Showing posts with label US banks. Show all posts
Showing posts with label US banks. Show all posts
March 02, 2018
Sir, I refer to Hal Scott’s and Lisa Donner’s discussion “Head to head: Should the US relax regulation on its big banks?” March 2.
Hal Scott writes: “There is empirical evidence that higher bank capital requirements cut lending and economic growth. A recent Fed paper concludes that a 1 percentage point rise in capital ratios could reduce the level of long-run gross domestic product growth by 7.4 basis points.”
And Lisa Donner writes: “Increased capital requirements lower the return on equity and, by extension, the bonuses linked to it. The desire of a small number of very wealthy people to become still richer should not drive public policy.”
They both, obviously each one from to the point of view of their respective agendas are correct in recognizing that capital requirements have clear effects. But then, as is unfortunately the current norm, they both ignore the problem of the distortions in the allocation of credit that different capital requirements produce.
And, if there is any problem in current bank regulations that needs to be tackled, that is getting rid of those distortions.
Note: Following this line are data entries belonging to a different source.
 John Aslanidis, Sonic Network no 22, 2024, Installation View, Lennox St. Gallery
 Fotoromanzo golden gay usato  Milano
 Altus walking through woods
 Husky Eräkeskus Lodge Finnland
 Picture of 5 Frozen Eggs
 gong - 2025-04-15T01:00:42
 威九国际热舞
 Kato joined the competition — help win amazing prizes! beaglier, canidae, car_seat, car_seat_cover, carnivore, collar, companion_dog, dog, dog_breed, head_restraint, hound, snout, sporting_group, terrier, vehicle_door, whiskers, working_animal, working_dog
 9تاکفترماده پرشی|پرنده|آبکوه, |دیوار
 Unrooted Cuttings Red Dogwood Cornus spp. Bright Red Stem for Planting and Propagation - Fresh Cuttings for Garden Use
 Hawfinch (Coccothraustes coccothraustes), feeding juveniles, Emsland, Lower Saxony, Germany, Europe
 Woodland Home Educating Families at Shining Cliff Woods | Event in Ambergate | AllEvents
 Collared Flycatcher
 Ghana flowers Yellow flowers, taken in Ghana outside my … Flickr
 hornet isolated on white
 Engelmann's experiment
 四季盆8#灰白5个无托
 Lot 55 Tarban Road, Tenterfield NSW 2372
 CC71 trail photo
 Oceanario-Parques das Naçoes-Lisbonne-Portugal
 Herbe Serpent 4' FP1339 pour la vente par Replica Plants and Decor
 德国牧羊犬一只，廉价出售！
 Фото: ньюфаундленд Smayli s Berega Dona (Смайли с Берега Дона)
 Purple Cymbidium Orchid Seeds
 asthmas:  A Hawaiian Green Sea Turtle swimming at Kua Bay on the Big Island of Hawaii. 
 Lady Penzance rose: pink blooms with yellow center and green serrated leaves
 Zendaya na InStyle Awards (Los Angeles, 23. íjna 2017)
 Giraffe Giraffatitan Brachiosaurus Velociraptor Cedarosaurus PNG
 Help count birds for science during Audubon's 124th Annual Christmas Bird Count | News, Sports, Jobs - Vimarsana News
If there is one analysis needed that is whether the bank’s balance sheets correspond with the best interests of our economies. The answer would be “NO!”
Scott asks: “Do we really want banks to hold enough capital to survive events that have no US historical precedent? If such an extreme economic event did occur, would any amount of capital be enough to withstand the panic it could trigger?”
Ok, agree, but then why should we want our banks to keep especially little capital when such events occur? Like when 20% risk weighted AAA rated securities exploded?
Scott, mentioning stress tests that depend on secret government financial models to predict bank losses argues: “avoid ‘model monoculture’ in which every bank adapts its holdings in order to pass the tests and they all end up holding assets the government model favors. A diversity of bank strategies is preferable given that risks are hard to predict.”
Absolutely and that is why, April 2003, as an Executive Director of the World Bank I held "A mixture of thousand solutions, many of them inadequate, may lead to a flexible world that can bend with the storms. A world obsessed with Best Practices may calcify its structure and break with any small wind."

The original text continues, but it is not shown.